When he was asked yesterday if he would feel bad standing in the way of the first black president, he said no. “I’m not standing in his way,” he said. “I think Hillary would be a better president” who’s “ready to do the job on the first day.” He added: “No one has a right to be president, including Hillary. Keep in mind, in the last two primaries, we ran as an underdog.” He rewrote the facts, saying that “no one thought she could win” in New Hampshire, even though she originally had had a substantial lead.

He said of Obama: “I hope I get a chance to vote for him some day.” And that day, of course, would be after Hillary’s eight years; it’s her turn now because Bill owes her. “I think it would be just as much a change, and some people think more, to have the first woman president as to have the first African-American president,” he said.

Bad Bill had been roughing up Obama so much that Representative James Clyburn of South Carolina suggested that he might want to “chill.” On a conference call with reporters yesterday, the former Senate Majority Leader Tom Daschle, a national co-chairman of the Obama campaign, tut-tutted that the “incredible distortions” of the political beast were “not keeping with the image of a former president.”

Jonathan Alter reported in Newsweek that Senator Edward Kennedy and Rahm Emanuel, the Illinois congressman and former Clinton aide, have heatedly told Bill “that he needs to change his tone and stop attacking Senator Barack Obama.”


There is the anecdotal evidence that portends doom in the general election: in the face of Democratic leaders, even elders asking -- perhaps demanding -- that he cool it, the former president keeps his foot on the gas.
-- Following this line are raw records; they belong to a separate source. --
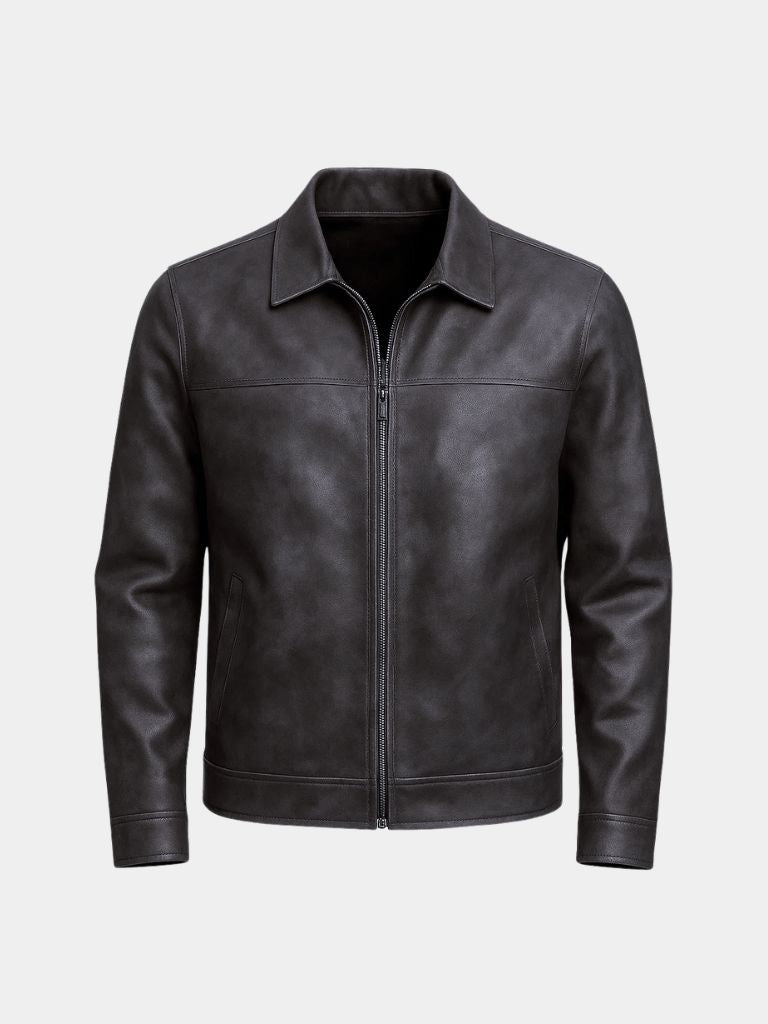 Regent Estate Leather Jacket - Crown & Cuff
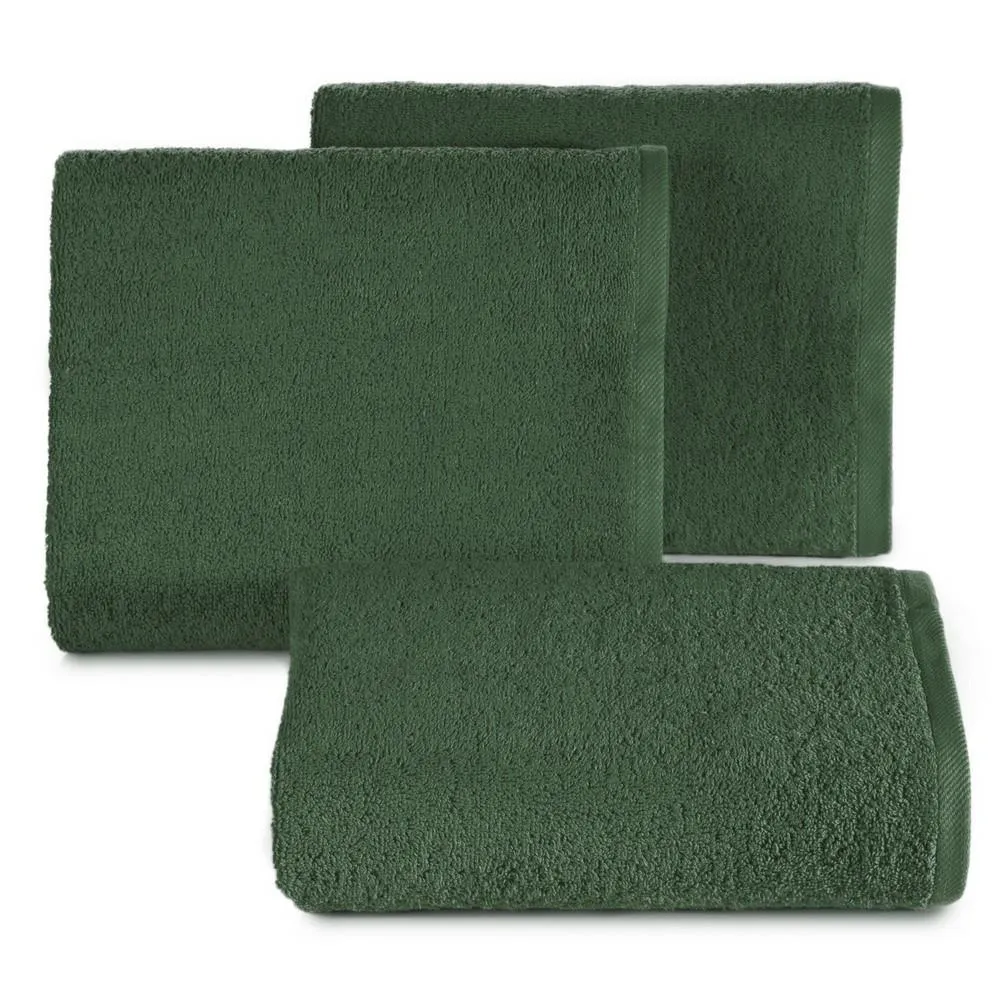 Ręcznik Gładki 2 100x150  zielony ciemny 31 500g/m2 Eurofirany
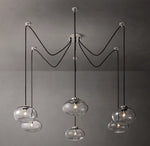 Cabrette Clear Glass Suspended Chandelier 84"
That defiance could ultimately result in a blowback that destroys not just his wife, but the party he purports to lead. It's still just fun-and-games to him, though:

At the Greenville event, Bill brought up Obama’s joking reference to him in the debate, about how Obama would have to see whether Bill was a good dancer before deciding whether he was the first black president.

Bill, naturally, turned it into a competition. “I would be willing to engage in a dancing competition with him, even though he’s much younger and thinner than I am,” he said. “If I’m going to get in one of these brother contests,” he added, “at least I should be entitled to an age allowance.”

He said, “I kind of like seeing Barack and Hillary fighting.”

“How great is this?” he said. “Neither of them has to be a little wind-up doll who’s supposed to behave in a certain way. They’re real people, flesh and blood people. They have differences.”

And if he has anything to say about it, and he will, they’ll be fighting till the last dog dies.


These are truly uncharted political waters we're entering now. It's just a shame -- rather nauseating, in fact -- that this sea is taking on the appearance of a septic tank.